> [TO DO]:
In the entries below, find the line with "Thank You SCD74004" and the line with "J.‎ JILL BLACK". Print those two and everything between them exactly, and nothing else.

################

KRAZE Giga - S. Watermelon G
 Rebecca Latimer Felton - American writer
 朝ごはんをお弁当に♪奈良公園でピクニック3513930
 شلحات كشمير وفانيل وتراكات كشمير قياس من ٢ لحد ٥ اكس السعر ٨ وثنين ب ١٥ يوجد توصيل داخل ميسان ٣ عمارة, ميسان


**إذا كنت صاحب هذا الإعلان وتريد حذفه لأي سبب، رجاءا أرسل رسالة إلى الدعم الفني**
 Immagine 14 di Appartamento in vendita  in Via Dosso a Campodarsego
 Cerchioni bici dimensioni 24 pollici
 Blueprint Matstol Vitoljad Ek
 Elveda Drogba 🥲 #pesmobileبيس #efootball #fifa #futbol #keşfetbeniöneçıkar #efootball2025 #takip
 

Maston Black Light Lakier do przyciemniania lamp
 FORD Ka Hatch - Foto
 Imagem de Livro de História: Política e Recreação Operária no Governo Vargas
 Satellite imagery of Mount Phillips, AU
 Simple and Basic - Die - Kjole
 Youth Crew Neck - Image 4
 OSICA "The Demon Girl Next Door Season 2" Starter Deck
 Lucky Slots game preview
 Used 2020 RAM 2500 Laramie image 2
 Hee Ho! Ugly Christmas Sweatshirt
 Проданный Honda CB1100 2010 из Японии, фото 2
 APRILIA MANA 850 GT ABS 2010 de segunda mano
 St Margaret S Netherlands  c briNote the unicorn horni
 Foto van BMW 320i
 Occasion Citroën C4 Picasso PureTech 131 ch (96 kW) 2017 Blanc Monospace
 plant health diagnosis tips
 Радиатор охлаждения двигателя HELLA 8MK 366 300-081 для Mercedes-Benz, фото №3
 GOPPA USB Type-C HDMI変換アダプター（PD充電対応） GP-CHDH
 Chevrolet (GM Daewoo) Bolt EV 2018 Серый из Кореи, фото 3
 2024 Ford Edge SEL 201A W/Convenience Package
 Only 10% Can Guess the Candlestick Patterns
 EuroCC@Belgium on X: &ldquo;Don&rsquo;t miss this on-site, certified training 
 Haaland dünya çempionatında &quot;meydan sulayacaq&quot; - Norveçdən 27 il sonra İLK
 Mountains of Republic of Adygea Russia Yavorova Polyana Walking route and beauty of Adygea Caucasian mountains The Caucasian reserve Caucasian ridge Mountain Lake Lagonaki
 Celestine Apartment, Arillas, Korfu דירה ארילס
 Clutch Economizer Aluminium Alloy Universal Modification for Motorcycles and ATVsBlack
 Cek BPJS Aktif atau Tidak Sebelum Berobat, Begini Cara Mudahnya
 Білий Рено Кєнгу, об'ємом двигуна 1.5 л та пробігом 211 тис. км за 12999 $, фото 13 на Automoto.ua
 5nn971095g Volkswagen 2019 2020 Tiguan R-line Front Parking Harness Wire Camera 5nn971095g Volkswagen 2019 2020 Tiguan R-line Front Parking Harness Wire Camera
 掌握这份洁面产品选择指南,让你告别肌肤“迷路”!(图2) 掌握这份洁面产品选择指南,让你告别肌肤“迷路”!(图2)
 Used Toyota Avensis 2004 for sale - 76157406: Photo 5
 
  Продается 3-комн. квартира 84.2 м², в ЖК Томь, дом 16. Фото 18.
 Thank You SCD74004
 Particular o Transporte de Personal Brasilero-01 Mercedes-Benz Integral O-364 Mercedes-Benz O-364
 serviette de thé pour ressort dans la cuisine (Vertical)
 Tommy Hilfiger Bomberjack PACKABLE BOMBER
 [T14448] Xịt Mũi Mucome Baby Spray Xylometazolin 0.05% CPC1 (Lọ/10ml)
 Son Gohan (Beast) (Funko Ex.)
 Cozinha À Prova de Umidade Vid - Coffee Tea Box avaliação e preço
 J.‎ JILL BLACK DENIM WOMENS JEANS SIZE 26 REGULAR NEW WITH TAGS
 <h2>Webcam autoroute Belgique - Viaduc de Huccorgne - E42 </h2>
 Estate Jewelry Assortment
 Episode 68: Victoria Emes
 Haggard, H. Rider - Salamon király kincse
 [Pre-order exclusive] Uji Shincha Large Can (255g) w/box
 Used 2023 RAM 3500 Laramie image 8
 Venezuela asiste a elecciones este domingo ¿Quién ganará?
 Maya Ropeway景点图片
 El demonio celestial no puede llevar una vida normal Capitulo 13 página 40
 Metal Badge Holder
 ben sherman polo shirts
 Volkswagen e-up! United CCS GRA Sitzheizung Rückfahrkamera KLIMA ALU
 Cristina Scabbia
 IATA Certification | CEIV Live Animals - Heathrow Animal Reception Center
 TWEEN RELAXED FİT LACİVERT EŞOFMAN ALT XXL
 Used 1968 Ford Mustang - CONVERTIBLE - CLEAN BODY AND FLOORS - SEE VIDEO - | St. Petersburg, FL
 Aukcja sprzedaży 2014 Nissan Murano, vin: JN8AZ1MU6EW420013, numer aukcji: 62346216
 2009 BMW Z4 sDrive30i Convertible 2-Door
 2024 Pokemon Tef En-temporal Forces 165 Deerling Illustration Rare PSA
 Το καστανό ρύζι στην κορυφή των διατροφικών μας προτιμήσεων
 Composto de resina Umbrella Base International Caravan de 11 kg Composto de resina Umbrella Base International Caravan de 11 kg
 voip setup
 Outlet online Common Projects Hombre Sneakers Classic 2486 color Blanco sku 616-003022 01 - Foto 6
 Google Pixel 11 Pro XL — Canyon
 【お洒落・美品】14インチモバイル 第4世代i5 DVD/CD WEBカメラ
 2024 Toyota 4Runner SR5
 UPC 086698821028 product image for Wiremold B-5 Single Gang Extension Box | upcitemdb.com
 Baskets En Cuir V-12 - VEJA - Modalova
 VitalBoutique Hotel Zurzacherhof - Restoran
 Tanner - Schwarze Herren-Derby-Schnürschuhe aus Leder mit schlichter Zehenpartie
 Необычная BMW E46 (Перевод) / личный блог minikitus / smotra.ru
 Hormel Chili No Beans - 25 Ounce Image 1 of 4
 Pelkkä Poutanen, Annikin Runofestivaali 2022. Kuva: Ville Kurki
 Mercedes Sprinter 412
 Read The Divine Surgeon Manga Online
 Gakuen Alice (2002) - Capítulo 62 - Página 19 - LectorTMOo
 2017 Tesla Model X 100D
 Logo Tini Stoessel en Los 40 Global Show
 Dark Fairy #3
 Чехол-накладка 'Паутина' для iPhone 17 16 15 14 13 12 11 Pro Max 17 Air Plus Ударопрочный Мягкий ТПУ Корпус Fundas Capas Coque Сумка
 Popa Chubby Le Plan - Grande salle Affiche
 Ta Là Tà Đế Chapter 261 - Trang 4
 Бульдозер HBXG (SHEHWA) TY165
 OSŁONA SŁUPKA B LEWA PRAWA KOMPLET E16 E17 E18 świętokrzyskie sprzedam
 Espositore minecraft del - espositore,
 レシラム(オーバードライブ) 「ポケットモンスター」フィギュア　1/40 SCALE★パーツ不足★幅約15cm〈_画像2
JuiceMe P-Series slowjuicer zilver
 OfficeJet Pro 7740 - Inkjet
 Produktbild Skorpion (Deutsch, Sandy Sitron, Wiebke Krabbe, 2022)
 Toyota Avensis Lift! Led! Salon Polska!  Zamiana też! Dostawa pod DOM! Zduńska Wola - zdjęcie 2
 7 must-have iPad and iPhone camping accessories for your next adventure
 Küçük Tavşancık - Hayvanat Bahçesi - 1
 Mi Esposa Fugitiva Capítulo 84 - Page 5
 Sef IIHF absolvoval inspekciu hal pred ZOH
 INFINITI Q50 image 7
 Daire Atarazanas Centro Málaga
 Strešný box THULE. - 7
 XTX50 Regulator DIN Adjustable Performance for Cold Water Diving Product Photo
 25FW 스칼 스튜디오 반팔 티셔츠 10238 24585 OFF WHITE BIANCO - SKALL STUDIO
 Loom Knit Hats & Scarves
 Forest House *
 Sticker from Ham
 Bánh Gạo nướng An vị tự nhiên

################

> [FINAL ANSWER]:
 Thank You SCD74004
 Particular o Transporte de Personal Brasilero-01 Mercedes-Benz Integral O-364 Mercedes-Benz O-364
 serviette de thé pour ressort dans la cuisine (Vertical)
 Tommy Hilfiger Bomberjack PACKABLE BOMBER
 [T14448] Xịt Mũi Mucome Baby Spray Xylometazolin 0.05% CPC1 (Lọ/10ml)
 Son Gohan (Beast) (Funko Ex.)
 Cozinha À Prova de Umidade Vid - Coffee Tea Box avaliação e preço
 J.‎ JILL BLACK DENIM WOMENS JEANS SIZE 26 REGULAR NEW WITH TAGS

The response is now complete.